This was a busy year to Mr. BURKE, who, besides his private avocations, and the multiplicity of his correspondence, felt himself bound to stand forward against the innovations proposed by his old associates. Early in the session, Mr., now Earl Grey, introduced his motion for a Parliamentary Reform, which ill-timed measure was opposed by Mr. BURKE in a very powerful speech. He began by comparing his situation to that of a wornout invalid in the battles of the state, and who was now left to guard the citadel of the constitution. After this exordium he waived the general subject as offering nothing new, but he showed the danger of the discussion, by exhibiting proofs that there was an avowed party in the country whose object was to overthrow and change the constitution. Upon being urged by the most clamorous calls, to produce his evidence, he entered into particular details, and named several societies recently formed on revolutionary principles. "When such persons," said he, "the advocates for Paine's doctrines, the solicitors of a confederacy with the most infamous foreign clubs, were also the advocates for a Parliamentary Reform, it was high time to sound the alarm of danger to the constitution. In France, the advocates of Reform, at the very moment their king was carrying into effect a real and substantial change for the national good, snatched the crown from his head, and overturned his throne; the conse

quence of which was, that instead of one governor they had seven hundred tyrants."

With such an instance before their eyes, Mr. BURKE said, his advice was, "Be wise by experience; hold fast the blessings you enjoy, and trust to no theoretical remedies."

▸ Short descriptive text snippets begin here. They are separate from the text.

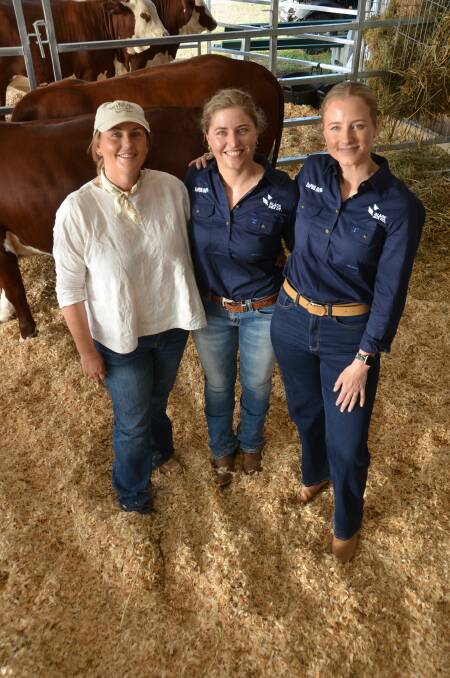 Central Queensland grazier Alice Marks, Clermont, and Black Box Co genomic clients manager Elsie Dodd and chief executive Shannon Speight at Beef Australia. Picture by Bryce Eishold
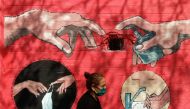 A woman walks past a graffiti, on a street, amidst the spread of the coronavirus disease (COVID-19) in Mumbai, India, April 6, 2021. REUTERS/Francis Mascarenhas/File Photo
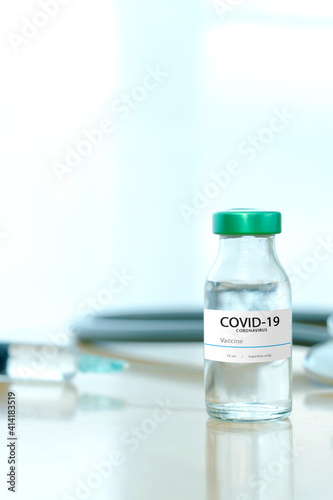 Coronavirus COVID-19 Vaccine Vials and Syringe On Reflective Surface.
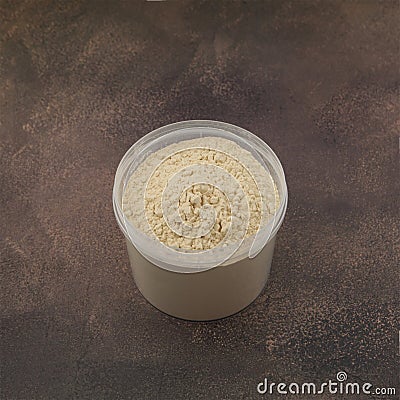 Soy Protein isolate in transparent plastic box. Pure powder Stock Photo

Soon after this, Mr. Fox came forward with a motion in favour of the Unitarian Dissenters; which Mr. BURKE also opposed, not upon intolerant grounds, but from a persuasion that the claimants were dangerous subjects, who aimed at the downfall of every system which was dear to the country, and whose religion was connected with political principles hostile to the welfare of the establishment both civil and religious. This charge roused the members around him, (for he still sat on the opposition bench,) to an excessive degree of animosity. In answer to those who demanded proofs of what he alleged, Mr. BURKE narrated the proceedings of some late meetings of the Unitarian Dissenters, which demonstrated unequivocally their connexion with the French cannibals. This expression being caught up by the supporters of the motion, produced a repetition on the part of Mr. BURKE, who said, Gentlemen might cry out, "Hear! hear!" as long as they thought proper; he had, however, asserted no more than what he could prove; for he could show, by documents, that the French cannibals, after having torn out the hearts of those they had murdered, squeezed the blood into their wine and drank it.

As the name of Dr. Priestley was brought up in the course of this debate, Mr. BURKE took occasion to bestow some severe censures upon the principles of that restless polemic. This will account for the angry tone in which the doctor ever after spoke of his old acquaintance; but when he circulated the story that Mr. BURKE, on hearing of the riots at Birmingham, ran about in an ecstacy of joy, congratulating every body he met, he was guilty himself of the very offence against charity, which he attempted to fasten upon another, for he had no authority whatever to adduce in proof of what he related.

Such was the serious aspect of the times, that parliament assembled again at the end of the same year, to adopt measures for the security of the country, the peace

of which was threatened by societies affiliated on the pretext of Reform, but palpably intended to bring about a Revolution, similar to that of France. In the debates that arose upon the address, Fox and Sheridan ridiculed the alarm that had been excited, and condemned the speech from the throne, as a libel upon the people. BURKE, in reply, maintained that with the same justice Cicero might have been charged with libelling all Rome, when he announced the conspiracy of Cataline and his companions, and their intention to burn the city, and massacre the senate.

Against the proposition of Mr. Fox for a negociation with the French republicans, he entered his solemn protest in this energetic language: "Stained with crimes, blasting and damning all the courts of Europe, ought France to be acknowledged? Ought she to be acknowledged without waiting (in the words of Hamlet) for the whetting of the axe ?" Ought she to be acknowledged in the teeth of all her decrees of universal hatred to monarchies, and in the teeth of the commission of regicide? Oh! if she were, the nation might depend upon it, that the murder of the king of France would only be preliminary to the murder of the king of England!"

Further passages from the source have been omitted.